PROBLEM STATEMENT: From the line with "istock Young women" to the line with "Several people are", retype each line exactly as it stands in the records below, but skip the pictures.
──────── SOURCE DATA ────────
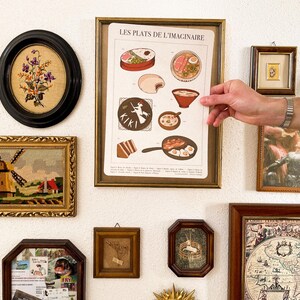 May include: A collection of framed art pieces on a white wall. The art includes a framed print with the text "LES PLATS DE L'IMAGINAIRE", an oval floral embroidery, a windmill tapestry, and other small framed pieces.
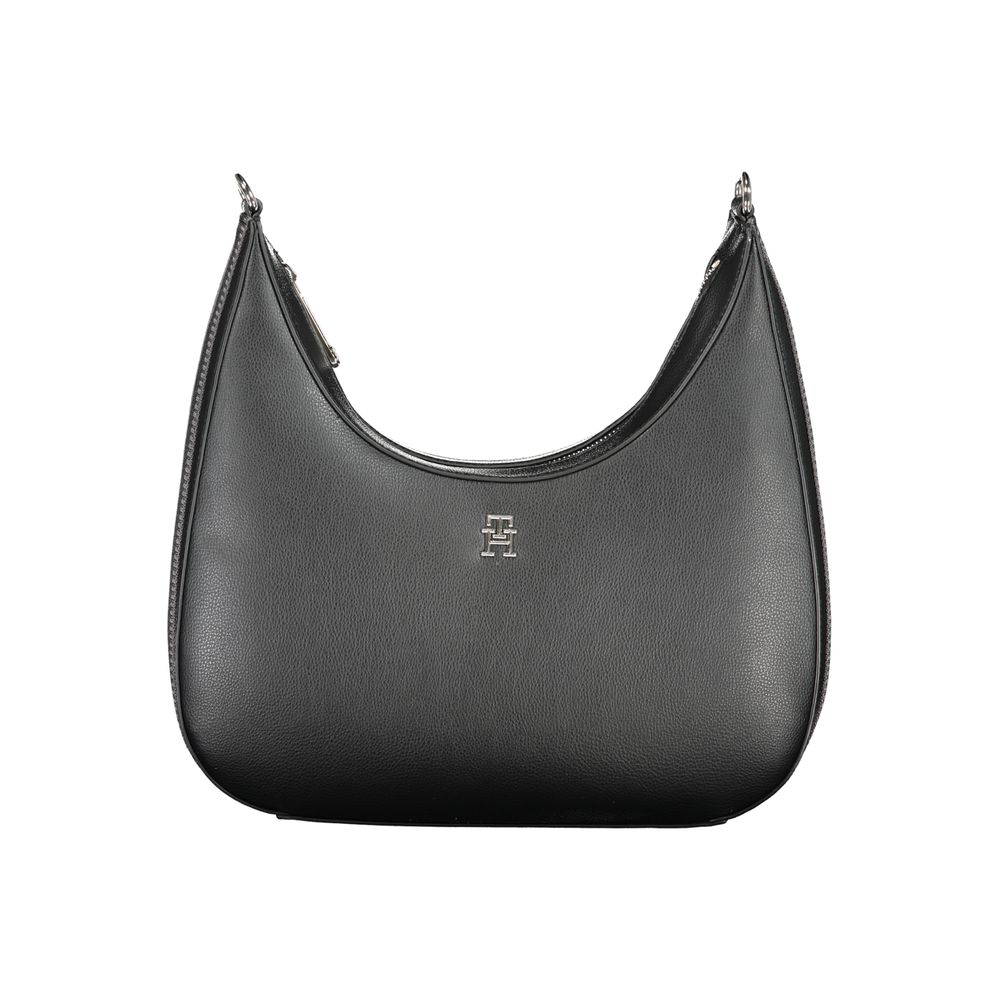 Tommy Hilfiger Black Polyester Handbag with adjustable shoulder strap, internal pocket, contrasting details, and zip closure.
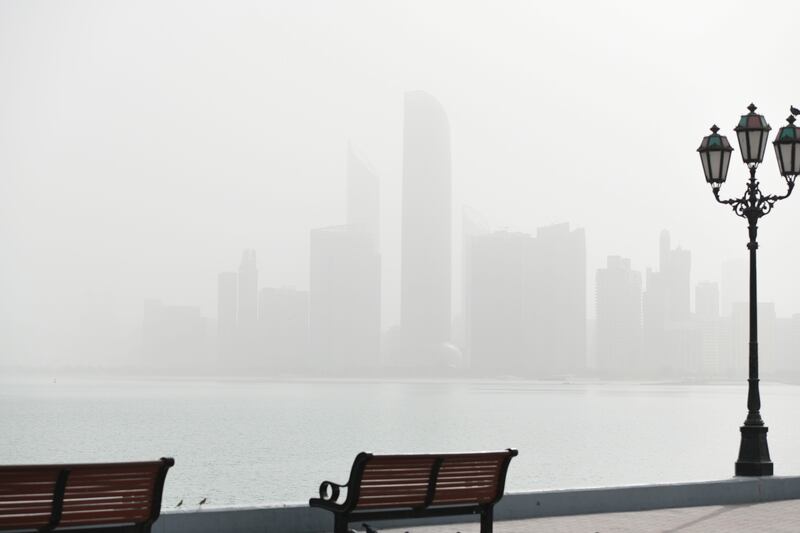 A hazy start to the day on the Corniche in Abu Dhabi. Khushnum Bhandari / The National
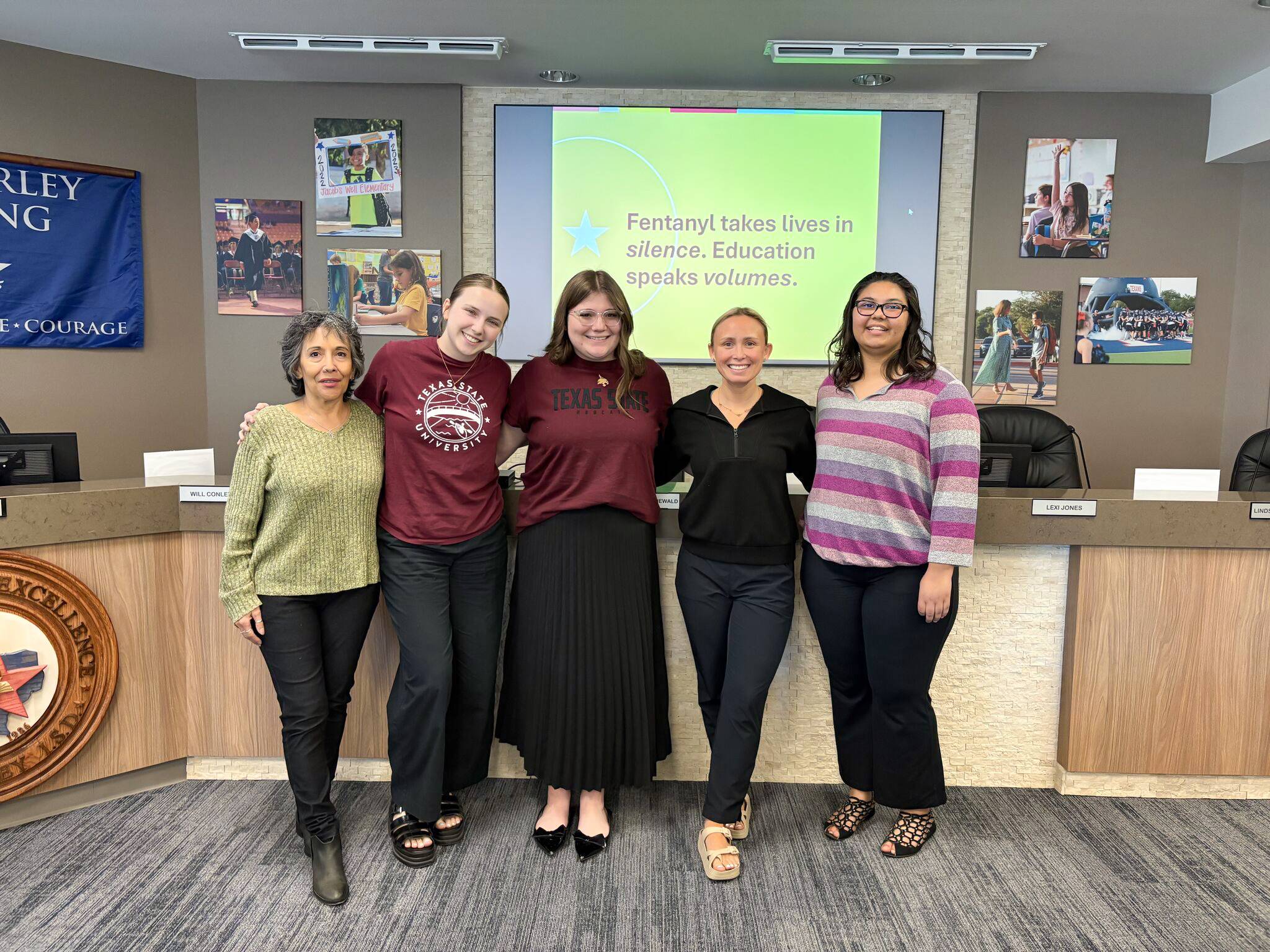 five woman pose for photo in front of presentation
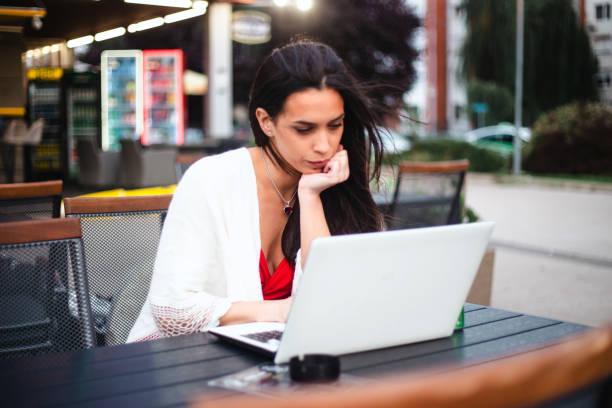 istock Young women using her laptop outdoors stock photo 1809883753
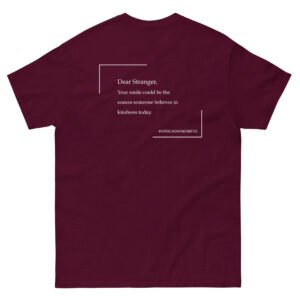 Unisex maroon T-Shirt with the message "Dear stranger, your smile could be the reasons someone believes in kindness today."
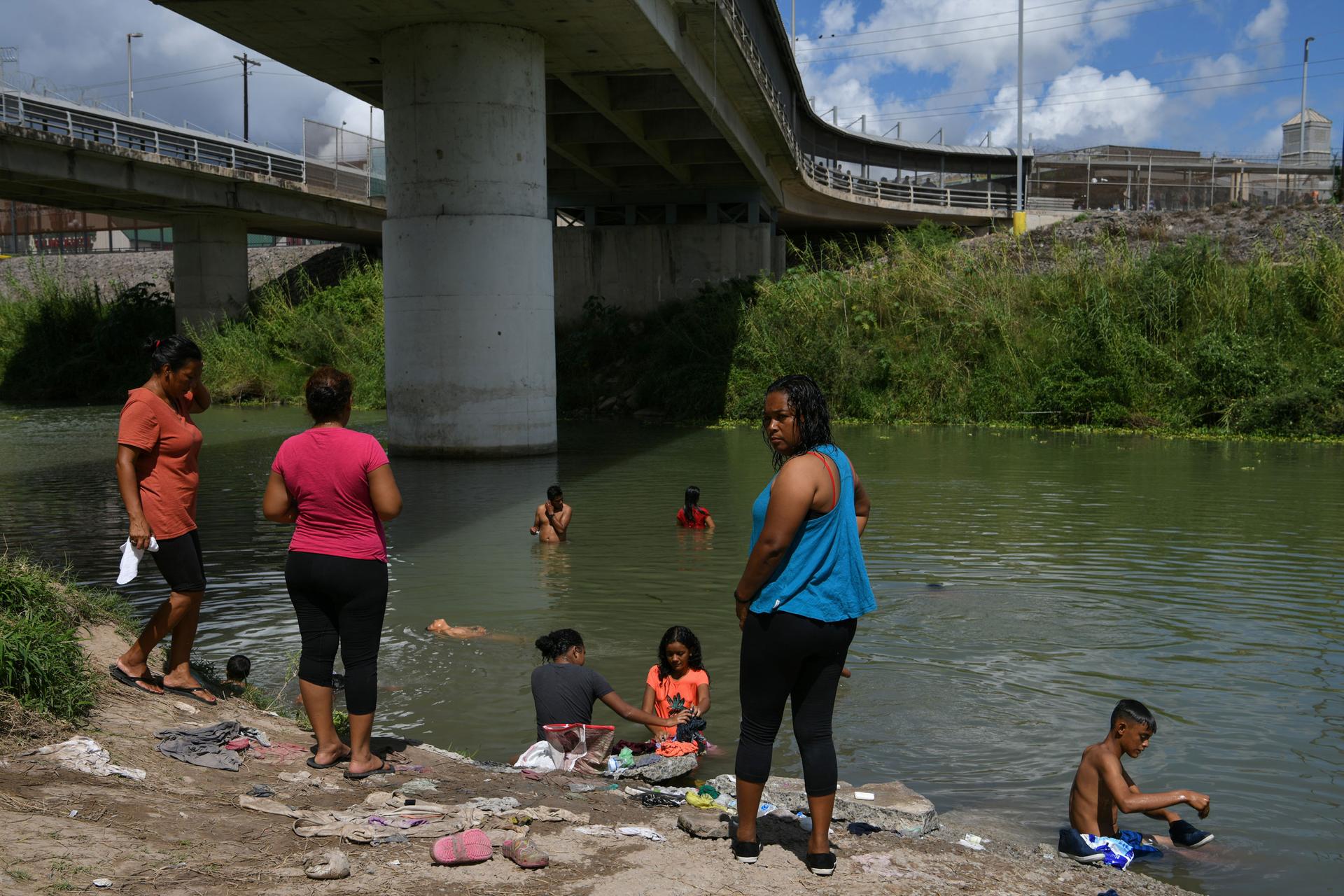 Several people are shown standing on the shore and in the Rio Grande river under a large bridge.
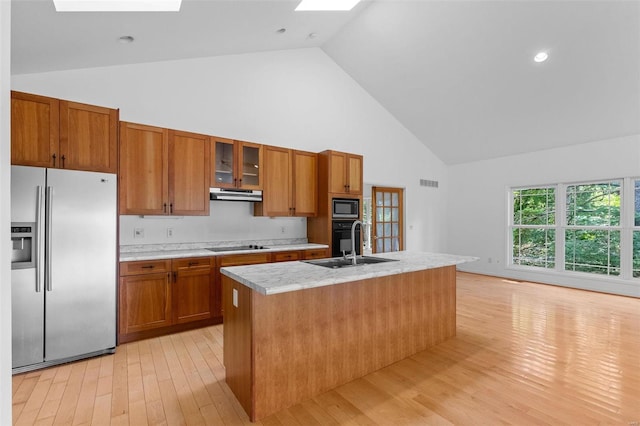 kitchen featuring built in microwave, sink, a skylight, stainless steel fridge, and a kitchen island with sink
────────
OUTPUT FOR THIS EXERCISE:
 istock Young women using her laptop outdoors stock photo 1809883753
 Unisex maroon T-Shirt with the message "Dear stranger, your smile could be the reasons someone believes in kindness today."
 Several people are shown standing on the shore and in the Rio Grande river under a large bridge.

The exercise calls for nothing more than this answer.